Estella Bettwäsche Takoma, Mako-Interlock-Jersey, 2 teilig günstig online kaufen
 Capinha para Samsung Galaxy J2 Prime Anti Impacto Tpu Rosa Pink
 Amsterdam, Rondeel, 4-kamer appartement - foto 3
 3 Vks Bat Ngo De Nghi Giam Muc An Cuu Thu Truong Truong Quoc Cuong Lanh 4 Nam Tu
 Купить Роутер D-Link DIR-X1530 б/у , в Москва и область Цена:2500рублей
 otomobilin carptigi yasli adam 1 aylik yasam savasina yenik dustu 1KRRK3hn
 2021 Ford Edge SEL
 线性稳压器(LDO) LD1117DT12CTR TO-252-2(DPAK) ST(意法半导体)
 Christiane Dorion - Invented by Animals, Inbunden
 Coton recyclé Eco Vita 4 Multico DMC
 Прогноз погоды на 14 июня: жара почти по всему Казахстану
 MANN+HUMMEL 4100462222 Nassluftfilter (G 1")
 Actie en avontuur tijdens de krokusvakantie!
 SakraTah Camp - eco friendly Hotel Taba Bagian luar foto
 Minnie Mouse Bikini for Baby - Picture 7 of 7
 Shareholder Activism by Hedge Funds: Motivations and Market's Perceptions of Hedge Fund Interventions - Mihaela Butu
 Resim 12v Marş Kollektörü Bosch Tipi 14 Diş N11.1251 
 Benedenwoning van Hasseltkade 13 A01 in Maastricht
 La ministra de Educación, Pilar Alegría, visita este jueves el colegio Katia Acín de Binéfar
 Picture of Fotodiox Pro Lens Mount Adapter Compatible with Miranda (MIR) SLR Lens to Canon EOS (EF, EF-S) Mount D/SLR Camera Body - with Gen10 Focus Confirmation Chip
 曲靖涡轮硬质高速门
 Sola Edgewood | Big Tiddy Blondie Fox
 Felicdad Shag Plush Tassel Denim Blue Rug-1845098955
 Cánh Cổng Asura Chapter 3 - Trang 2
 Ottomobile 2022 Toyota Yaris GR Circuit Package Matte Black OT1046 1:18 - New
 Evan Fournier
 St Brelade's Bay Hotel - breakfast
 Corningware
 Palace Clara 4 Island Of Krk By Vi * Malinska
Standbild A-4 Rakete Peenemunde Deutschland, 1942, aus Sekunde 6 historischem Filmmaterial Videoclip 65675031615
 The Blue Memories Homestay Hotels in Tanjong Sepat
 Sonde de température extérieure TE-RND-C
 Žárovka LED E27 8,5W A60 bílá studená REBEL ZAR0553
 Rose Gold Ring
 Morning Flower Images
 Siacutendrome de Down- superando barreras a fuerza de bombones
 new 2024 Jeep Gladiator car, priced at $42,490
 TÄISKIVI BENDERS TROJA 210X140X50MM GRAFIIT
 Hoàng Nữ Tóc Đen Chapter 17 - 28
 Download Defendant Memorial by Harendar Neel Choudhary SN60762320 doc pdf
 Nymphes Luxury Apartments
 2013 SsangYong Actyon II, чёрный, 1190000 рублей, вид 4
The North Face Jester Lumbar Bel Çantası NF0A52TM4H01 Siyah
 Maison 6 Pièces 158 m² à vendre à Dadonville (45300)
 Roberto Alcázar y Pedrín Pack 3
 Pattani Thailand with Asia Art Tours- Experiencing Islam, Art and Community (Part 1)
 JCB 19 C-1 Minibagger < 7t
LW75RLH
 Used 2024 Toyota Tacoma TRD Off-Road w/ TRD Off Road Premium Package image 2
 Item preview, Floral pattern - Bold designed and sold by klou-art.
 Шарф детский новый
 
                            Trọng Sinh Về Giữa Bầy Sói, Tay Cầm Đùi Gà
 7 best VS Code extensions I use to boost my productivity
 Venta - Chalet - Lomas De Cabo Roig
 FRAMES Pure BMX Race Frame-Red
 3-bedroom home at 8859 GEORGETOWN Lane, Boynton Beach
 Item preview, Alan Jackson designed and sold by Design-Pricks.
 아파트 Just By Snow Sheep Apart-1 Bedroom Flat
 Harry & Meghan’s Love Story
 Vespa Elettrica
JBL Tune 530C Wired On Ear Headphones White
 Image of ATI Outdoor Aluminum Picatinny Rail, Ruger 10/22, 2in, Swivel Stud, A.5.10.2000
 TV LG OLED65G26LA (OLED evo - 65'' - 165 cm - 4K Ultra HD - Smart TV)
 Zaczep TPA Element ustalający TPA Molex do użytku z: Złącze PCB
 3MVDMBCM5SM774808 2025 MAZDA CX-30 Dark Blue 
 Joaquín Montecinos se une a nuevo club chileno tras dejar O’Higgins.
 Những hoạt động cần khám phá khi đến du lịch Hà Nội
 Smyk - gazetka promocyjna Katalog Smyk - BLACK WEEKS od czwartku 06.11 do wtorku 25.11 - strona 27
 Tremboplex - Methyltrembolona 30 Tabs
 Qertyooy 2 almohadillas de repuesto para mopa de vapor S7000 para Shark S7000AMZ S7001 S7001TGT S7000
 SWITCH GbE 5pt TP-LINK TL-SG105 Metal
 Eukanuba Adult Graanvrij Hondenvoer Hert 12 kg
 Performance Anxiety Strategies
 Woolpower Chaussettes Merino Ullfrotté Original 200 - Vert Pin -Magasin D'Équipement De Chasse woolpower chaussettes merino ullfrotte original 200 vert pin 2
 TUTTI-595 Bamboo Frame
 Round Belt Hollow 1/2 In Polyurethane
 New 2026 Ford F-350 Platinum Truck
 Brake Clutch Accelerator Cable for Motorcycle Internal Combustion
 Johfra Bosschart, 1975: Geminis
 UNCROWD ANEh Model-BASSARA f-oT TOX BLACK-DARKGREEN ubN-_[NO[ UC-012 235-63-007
┄┄┄┄┄┄┄┄┄┄
## [DIRECTIONS FOR THIS TASK]
Reply with the number of lines in the data that include the string "Picture" and nothing else.

## [ANSWER TO THE PROBLEM]
2